-- LISTED ENTRIES follows --
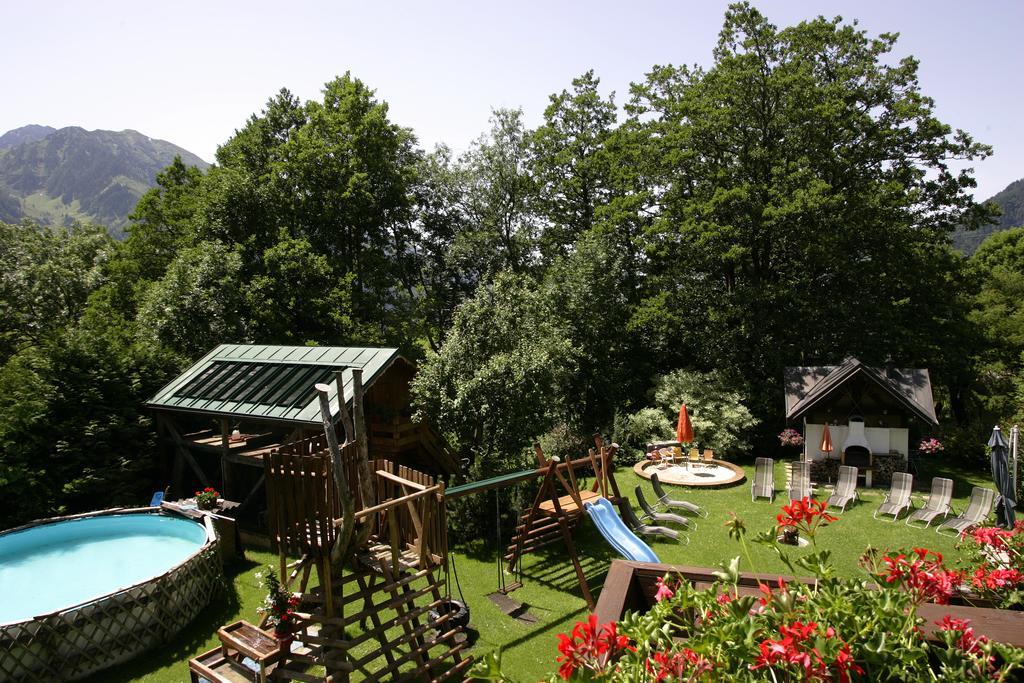 Hotel - Pension Oetzmooshof Sankt Johann im Pongau Oda fotoğraf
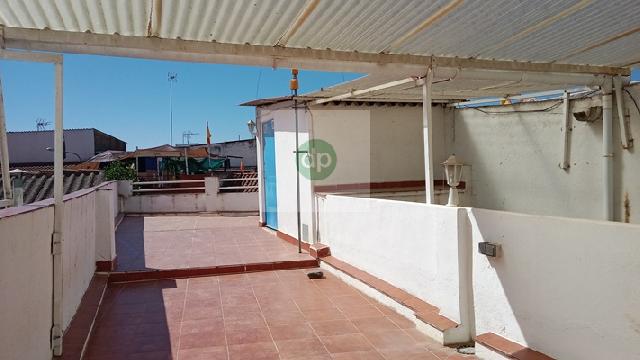 Imagen 15 Inmueble 306077 - Casa Pareada en venta en Badajoz / Junto a la Iglesia de la Stísima.Trinidad - Ctra. Corte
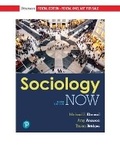 Cover: Sociology Now - Pearson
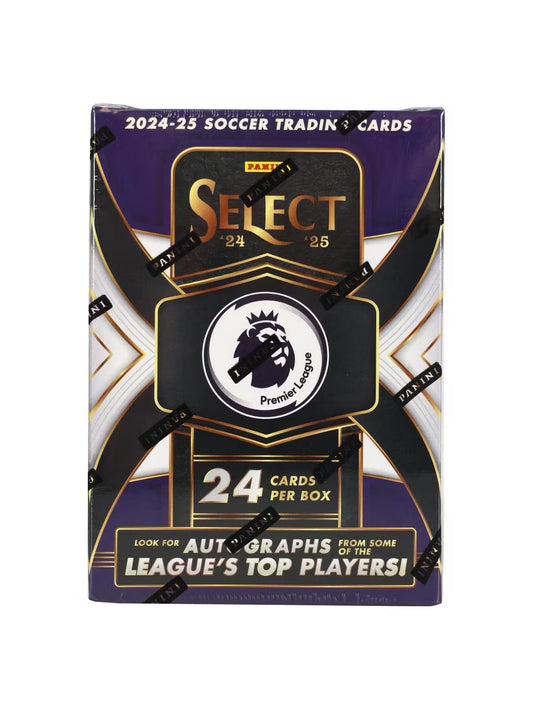 2024 Panini Select Premier League Hobby Blaster
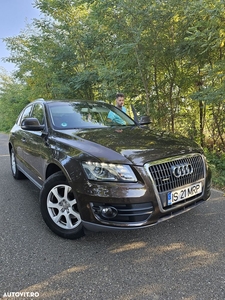 Audi Q5 2.0 TDI Quattro S-Tronic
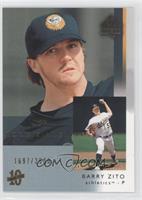 Barry Zito #/2,500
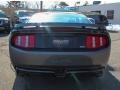 Sterling Gray Metallic 2011 Ford Mustang SMS 302 Supercharged Coupe Exterior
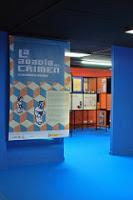 Visitamos 'La abadía del crimen. El lado humano del videojuego'; el último reconocimiento a una obra atemporal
-- LISTED ENTRIES concluded --
→ **WHAT YOU WILL DO**:
The entries above need to be output again in full, exactly, and without pictures.

→ **RESULT**:
 Hotel - Pension Oetzmooshof Sankt Johann im Pongau Oda fotoğraf
 Imagen 15 Inmueble 306077 - Casa Pareada en venta en Badajoz / Junto a la Iglesia de la Stísima.Trinidad - Ctra. Corte
 Cover: Sociology Now - Pearson
 2024 Panini Select Premier League Hobby Blaster
 Audi Q5 2.0 TDI Quattro S-Tronic
 Barry Zito #/2,500
 Sterling Gray Metallic 2011 Ford Mustang SMS 302 Supercharged Coupe Exterior
 Visitamos 'La abadía del crimen. El lado humano del videojuego'; el último reconocimiento a una obra atemporal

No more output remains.